By October 23, 2015 Uncategorized No Comments

measure-false-advertisingHave you ever used “As low as…” or “For the low payment of…” and then used an asterisk and lots of very tiny print to try and lure customers?

Okay, maybe you haven’t – but you know someone who has (wink, wink)!

Well, it is time start being very, very careful.  It is illegal.  The Feds are watching.  This practice will catch up with you!

The following story pertains to car dealerships, but it is only a matter of time, and not much time before the FTC starts trickling enforcement down the recreational vehicle line.


United States: Las Vegas Auto Dealers Settle FTC Deceptive Advertising Claims

Last Updated: July 6 2015

Article by Justin M. Brandt, Chad R. Fuller and Alan D. Wingfield

The allegations against Planet Hyundai and Planet Nissan involved similar misleading advertisements in which big, bold claims such as “$0 DOWN AVAILABLE” or “PURCHASE! NOT A LEASE!” were paired with asterisks and small fine print that was contradictory, disingenuous, and/or only applicable to a small segment of the population.  Additionally, the dealerships were targeted for allegedly misleading by omission, such as failing to disclose whether a security deposit was required.

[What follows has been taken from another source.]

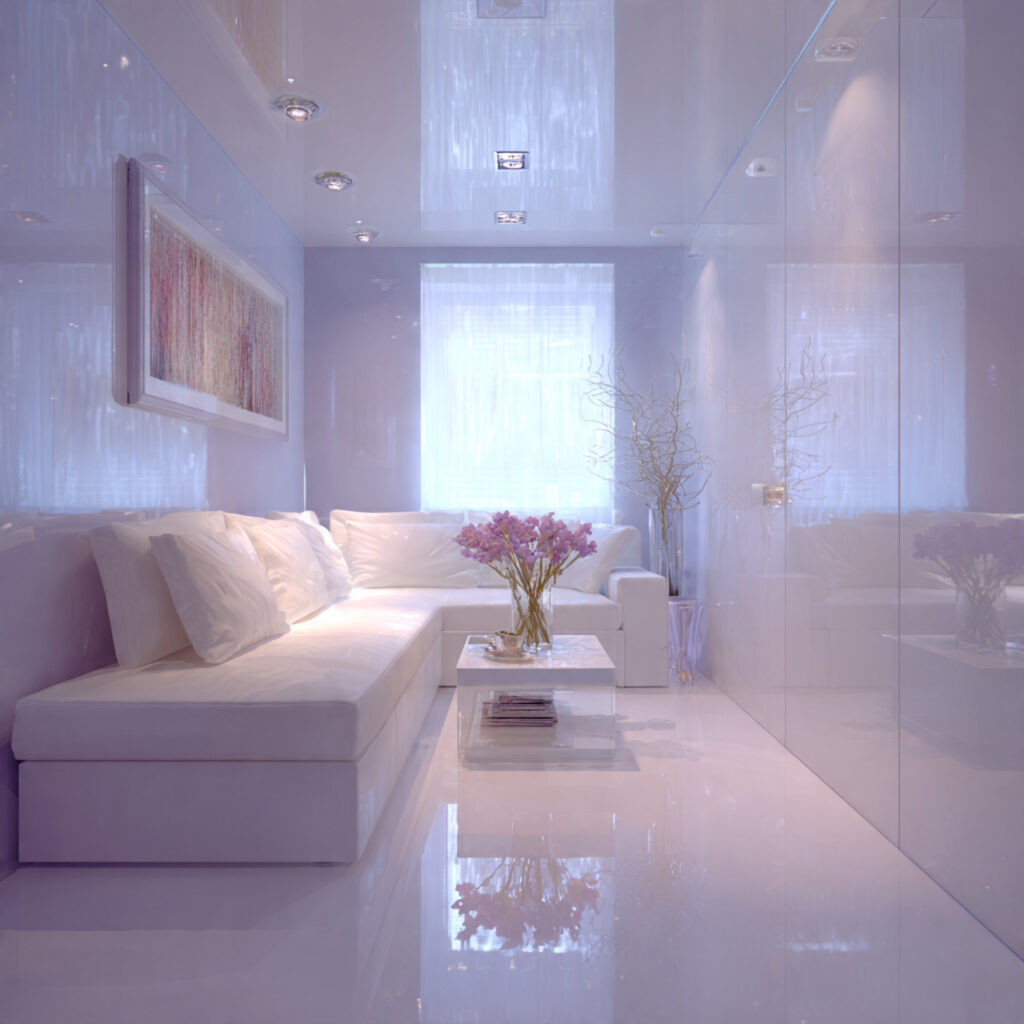 22 Small Apartment Spring Refresh Ideas That Make Your Space Feel Bigger and Brighter 12 Glossy Surfaces and Finishes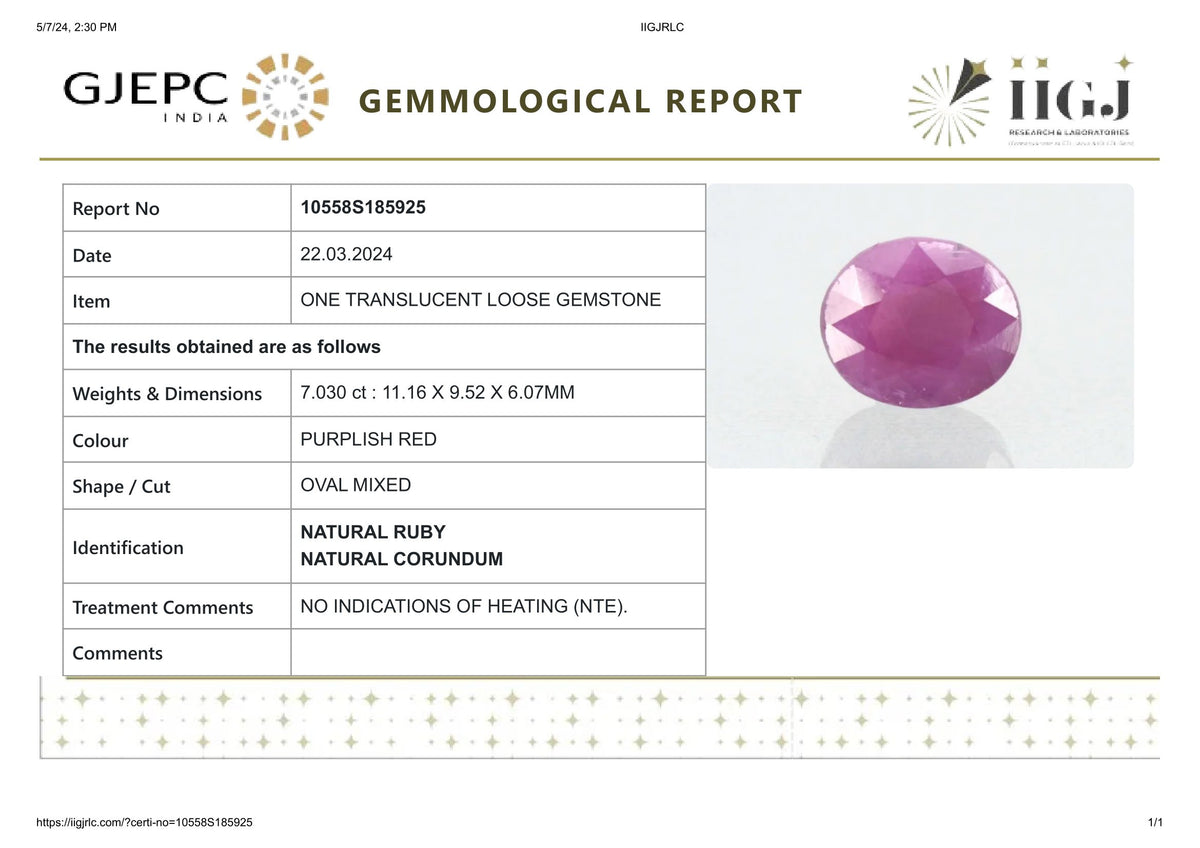 African Ruby (Manik) 7.03 Carats / 7.73 Ratti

No penalties were imposed on either company, and there were no public admissions of wrongdoing, but both dealerships signed consent orders placing the dealerships under heightened scrutiny for twenty years and imposing hefty fines for future violations.  The FTC unanimously approved the consent orders with a 5-0 vote, and there will be a thirty-day public comment period on the proposed settlements before they are finalized.

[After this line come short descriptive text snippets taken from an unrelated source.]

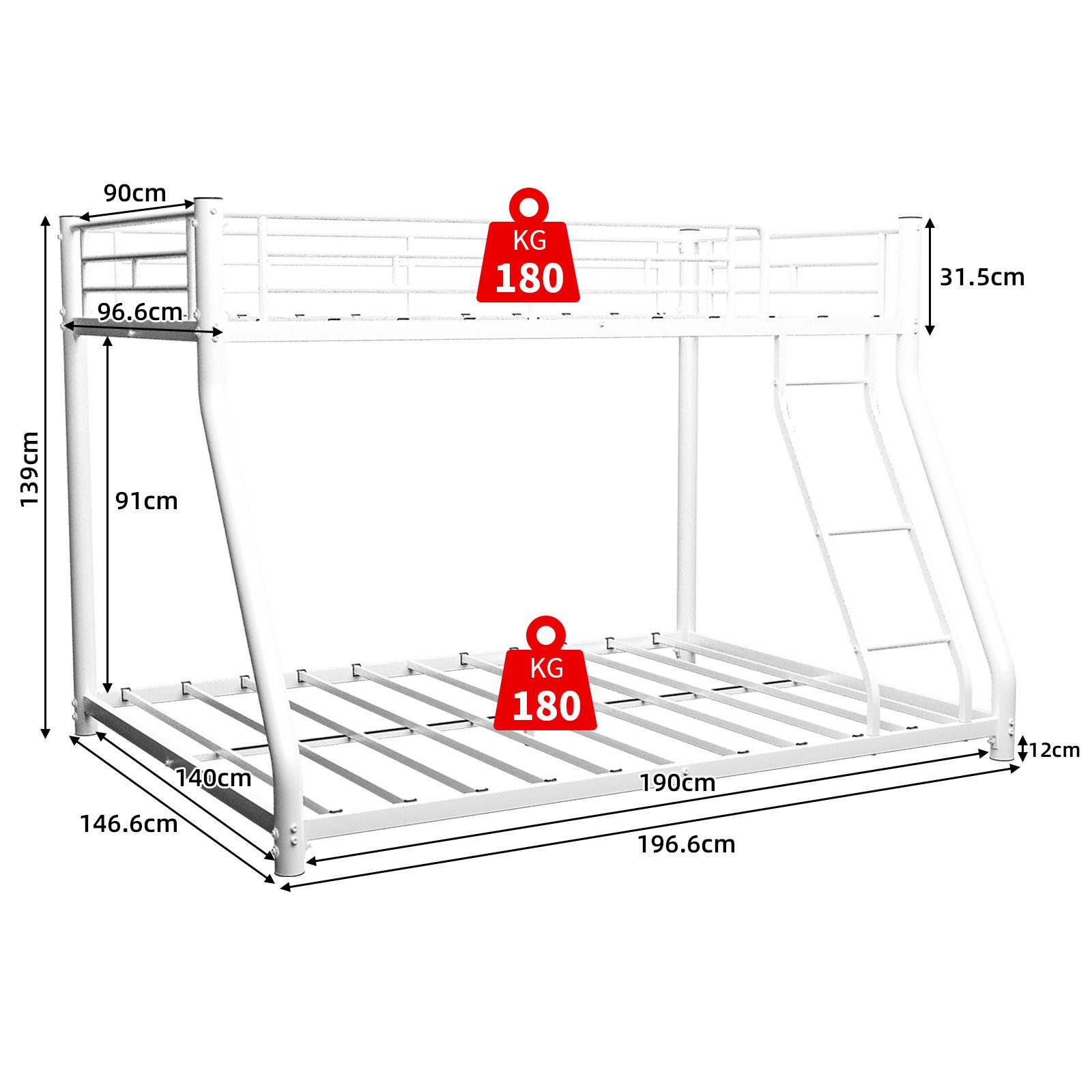 OYRREU Etagenbett Metallbett - Hochbett 90*190 cm 140*190 cm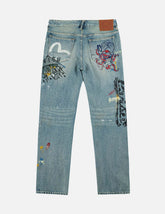 Fortune Theme Hand-Painted All-Over Print Jeans #2020
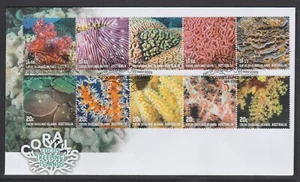 COCOS Islands 2025 CORALS of COCOS Marine Life set of 10 V F Used on FDC - Picture 1 of 1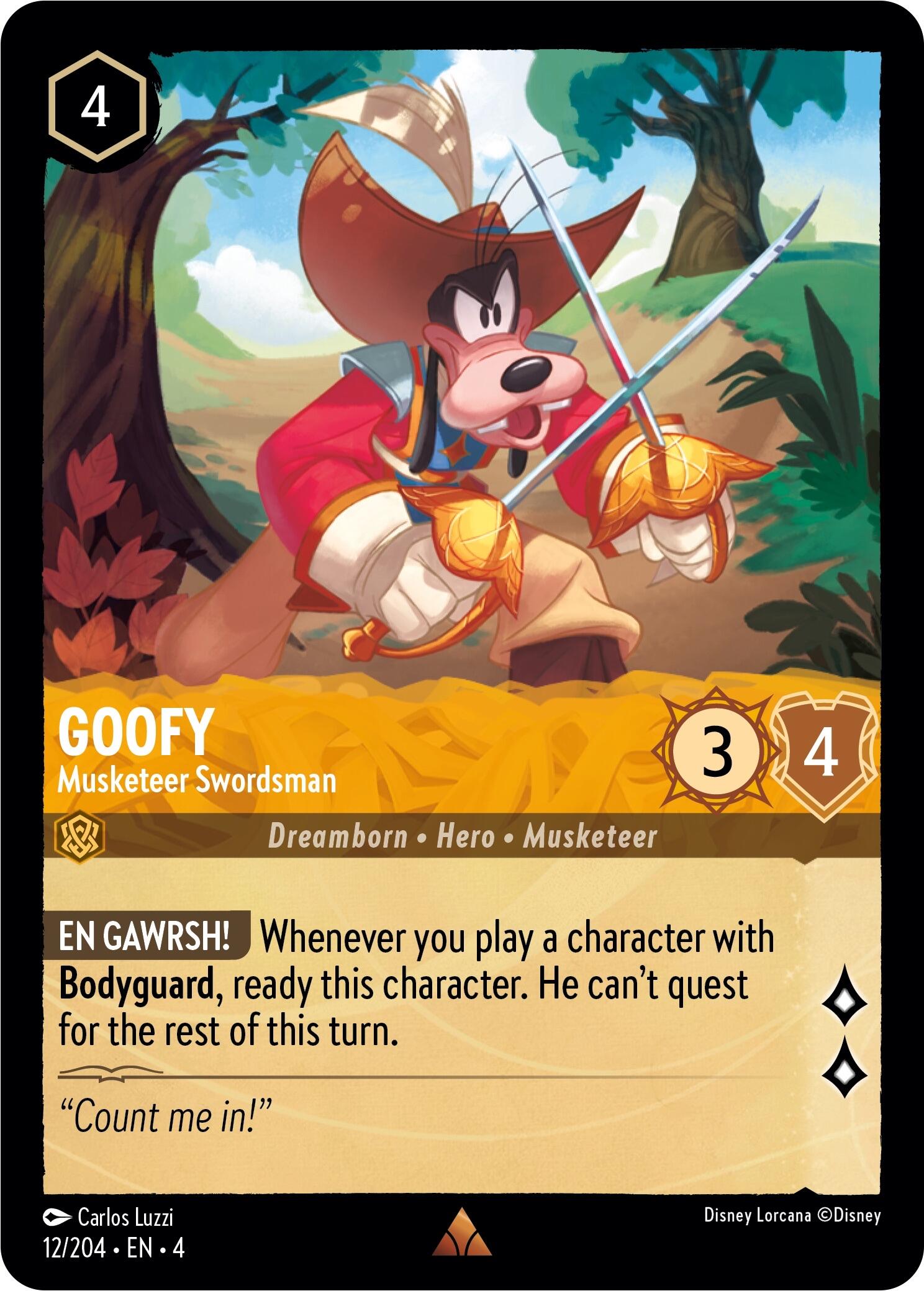 Goofy - Musketeer Swordsman (12/204) [Ursula's Return] | North Valley Games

At a press briefing last year, FTC Bureau of Consumer Protection Director Jessica Rich stated, “Dealers think that if they put the real price of something in really fine print, that’s not deceptive.  That is deceptive, and it violates the law.”  From January through March 2014, the FTC announced settlements with ten dealerships throughout the country as part of “Operation Steer Clear,” which involved similar allegations.  Although the two Las Vegas settlements were not part of that operation, they demonstrate a continued focus by the FTC on auto dealership advertising practices.


So, what happened here?  Look very carefully at the wording of the violations.

The “fine print” was “contradictory, disingenuous, and/or only applicable to a small segment of the population” and the dealers were also charged with “misleading by omission, such as failing to disclose whether a security deposit was required”.

When you put your signs on the wall or hang them off your vehicles, and you offer “the low payment of…” and then put fine print that says, “Based on qualifying credit” you do put yourself at risk.

Take a look at the credit profiles of the customers buying from you.  Is your average customer’s credit score a 700?  Is the rate and payment based on needing a 750, or qualifying for an “auto-approval” that 80% of your customer’s credit profiles would not achieve?  You are now making an offer that is”applicable to a small segment of the population.”  If the rate and payment requires 10% or 20% down and you don’t disclose that, you are “misleading by omission.”

Your signage needs to reflect what is possible for your average buyer.  If you have competitors that are pushing the envelope and you aren’t, just remember, “karma is a bitch.”  The law, and social media reputation will catch up with the cheaters.

Be honest and forthright!  Do the right thing by your customers, no matter how painful it may seem at the moment.  Not only will it keep you out of the FTC spotlight, it is the right thing to do…and it will pay off!